A teoria dominante da época era que o brasileiro não tinha condições de ganhar uma Copa do Mundo. Que éramos uns derrotados por natureza. Que a mistura de raças que formou o povo brasileiro tinha fracassado, já que tanto o português, como o negro e o índio eram povos tristes. Nossa tristeza nos fazia derrotados de cara.
É contra este estado de coisas que se insurgia Nelson Rodrigues em suas brilhantes crônicas sobre a seleção brasileira reunidas em “A pátria de chuteiras”. Segundo o cronista, “qualquer jogador brasileiro, quando se desamarra de suas inibições e se põe em estado de graça, é algo único em matéria de fantasia, de improvisação, de invenção”. Sim, você já viu alguém fazendo este tipo de afirmação em algum lugar: foi uma criação (imortal) de Nelson Rodrigues.
“A pátria de chuteiras” é fascinante tanto pela prosa brilhante e apaixonada do grande cronista e dramaturgo, quanto pelo retrato de uma época.
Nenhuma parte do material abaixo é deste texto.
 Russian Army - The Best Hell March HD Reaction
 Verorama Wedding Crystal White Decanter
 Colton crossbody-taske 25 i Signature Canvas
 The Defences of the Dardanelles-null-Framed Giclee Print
Nelson Rodrigues investe com todas as forças contra os que defendem que o futebol europeu – e inglês em particular – é superior ao brasileiro porque os nossos jogadores “não têm caráter” (a este respeito ele criou uma expressão que ficou famosa, “o complexo de vira-latas”: “a inferioridade em que o brasileiro se coloca, voluntariamente, em face do resto do mundo”). Para o cronista, ao contrário, os jogadores ingleses são violentos, sem imaginação, arte ou originalidade, e sua seleção usa e abusa de arbitragens tendenciosas. Segundo Nelson Rodrigues, os verdadeiros craques são os brasileiros: ele só lamenta que nossos jogadores sejam tão cavalheiros, apanhando muito e batendo pouco.
Ao final deste brilhante “A pátria de chuteiras”, só podemos agradecer por Nelson Rodrigues não ter visto o 7 a 1: ele não merecia isso.